I’m using Optimization.jl and Optim.jl to solve an optimization problem for which I have gradient information (via AD). What I’ve found is that the methods that use the gradient information perform worse than the derivative-free methods. The gradient-based methods seem to get stuck, despite a large gradient value.
Why is this? I would expect that the gradient methods could get stuck if they find a point in parameter space where the derivative is zero, but here it’s not. If they’re not moving, is it something with the line-search portion of the algorithm that is deciding to take an infinitesimally small step?
Yes. In the figure below, the gradient is shown at two different points. The blue orange circles are at the initial point, and orange blue are at the final step of BFGS.

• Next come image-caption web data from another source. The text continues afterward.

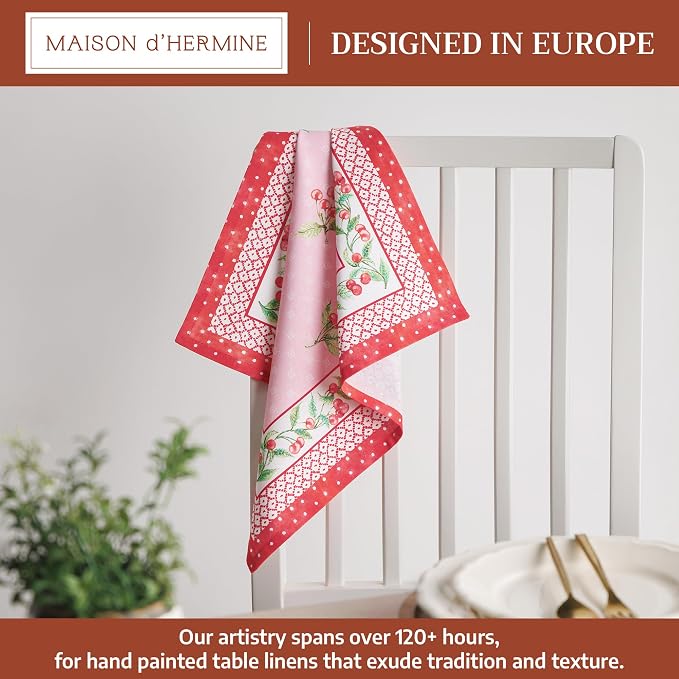 Maison d' Hermine Cloth Napkins Set of 4 Reusable 100% Cotton (18" x 18") | Everyday Square Napkins Cloth Washable Dinner Party Wedding Restaurant Hotel Kitchen Spring Summer - Pink Cherries - Image 2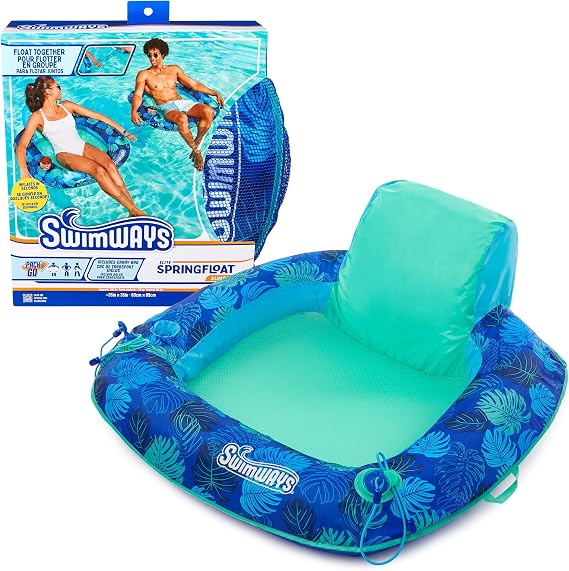 SwimWays Elite Spring Float SunSeat Pool Lounger, Inflatable Pool Floats for Adults and Teens with Fast Inflation and Linking Capability, Ages 15 & Up, Supports Up to 250 lbs.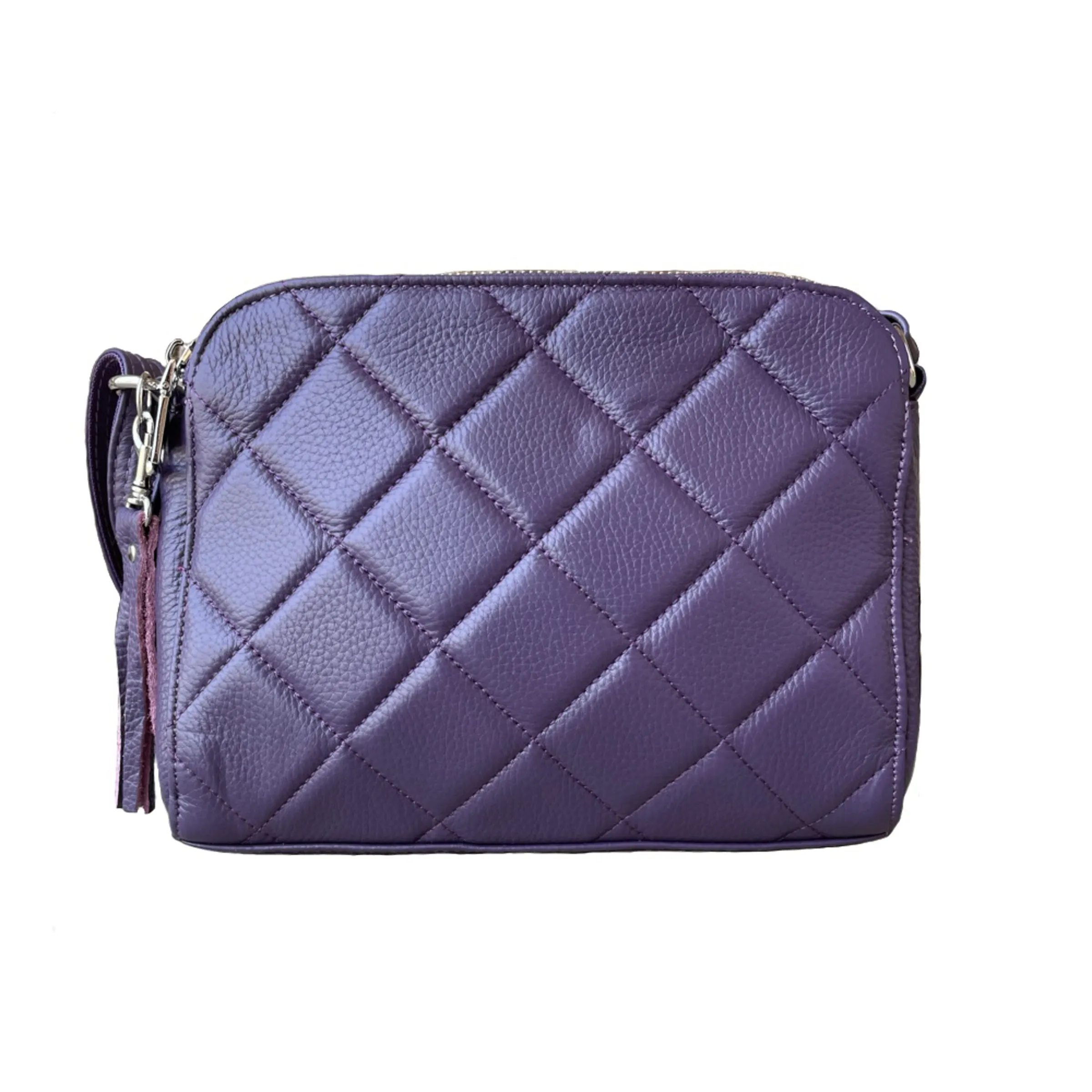 Quilted Compact Cutie Concealed Carry Lockable Leather Crossbody Purse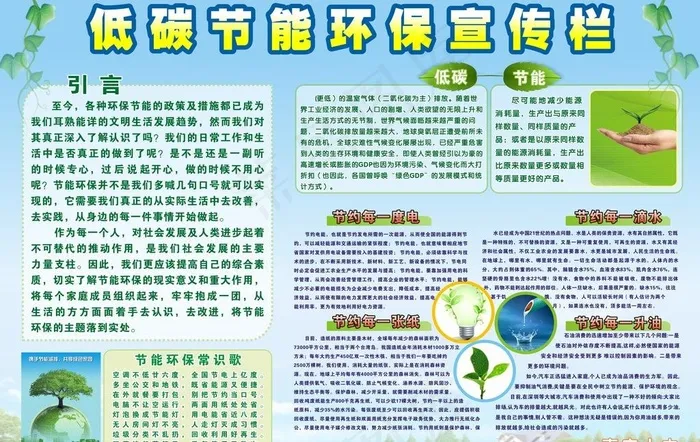 中学环保节能宣传栏图片cdr矢量模版下载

Hm, are you sure your gradient is correct? The stopping criteria seem to indicate it stopped because the function value change was small enough (both absolute an relative it was zero, and the last step was of size 1e-25, so basically no step.
This usually happens when the gradient is wrong (and hence in (L)BFGS the hessian approximation) and with that Armco line search does not find a proper step site (larger than - say 1e-3), on the other side the gradient norm (above 1e-5) is still super large. So I suppose your gradient might be wrong.
One can also see there were a lot of steps Armijo (or the line search in general that was used) tried, since while only doing 7 or 8 iterations (L)BFGS has 312 something gradient and function calls. I would usually expect something like 5-6 calls per iteration, not 50.
But from the run time it also seems sour problem is much larger than the ones I test and I usually do not use Optim, so I can not directly tell you more than these theoretical things I just wrote.
edit I am also a bit surprised the one entry in the gradient even increases so much, but that might be misleading in such high-dim problems.
The fact that the two gradient-based methods actually converged to some local minima suggests that there is more likely something wrong with your problem, i.e. it is not convex in the region where you are searching for the solution.
A deeper dive on this exposed a bug in the original target function that was missed by our original test case. This has now been fixed, but a similar question remains. When performing gradient-based optimization, the optimizer exits successfully but reports that the gradient is still non-zero. I would like to ask a (probably elementary) question about this, as to me it doesn’t make sense that a local minimum with a non-zero gradient can exist. The optimizer appears to be stopping because it cannot take a further step, how is that possible if gradient is non-zero? I do expect this problem to have many local minima.
You’re right, it is constrained and it does look like it’s hitting the boundary. That was indeed an elementary question. We don’t yet have easy access to the Hessian for the implicitly differentiated problem, so we haven’t yet been able to use interior point or trust region methods.
Another point might be your stopping criteria. As mentioned above, if you stop because either your step (in x) is in relative or absolute terms very small (first two convergence measures) or the same for the cost (3rd and 4th criterion) – those are – at least for me – not directly convergence criteria, but just stopping ones that do not indicate convergence to a stationary point.
If you do very small steps, you might also just be “in a mean area” of your cost (cf. Rosenbrock problem) or, more likely, still have a bug somewhere.
And sure for a constrained problem you of course have the complementary that at a boundary the gradient and the (weighted by dual variable) gradient of the constraint sum to zero, but the gradient might per se not be zero.
Or as a maybe illustrative example: Imagine your minimiser is slightly outside your feasible region. The (negative) gradient still points to that even if you are at the boundary. but the gradients of the (active) constraints counter that and avoid that you go there.
You can also do Trust region with an approximate Hessian like one approximated similar to L-BFGS in quasi newton based on gradients collected.
Thank you @kellertuer for the helpful comments and advice, I appreciate it.
The resolution is that the gradient calculation is indeed incorrect. A finite difference approximation with the corrected target function does not yield the same gradient as the autodiff calculation. Running a small optimization with the finite difference gradient calculation does not have the issues I was seeing before.
@gdalle This may be due to an me incorrectly using ImplicitDifferentiation, I will try to come up with as minimum a working example as possible and open an issue.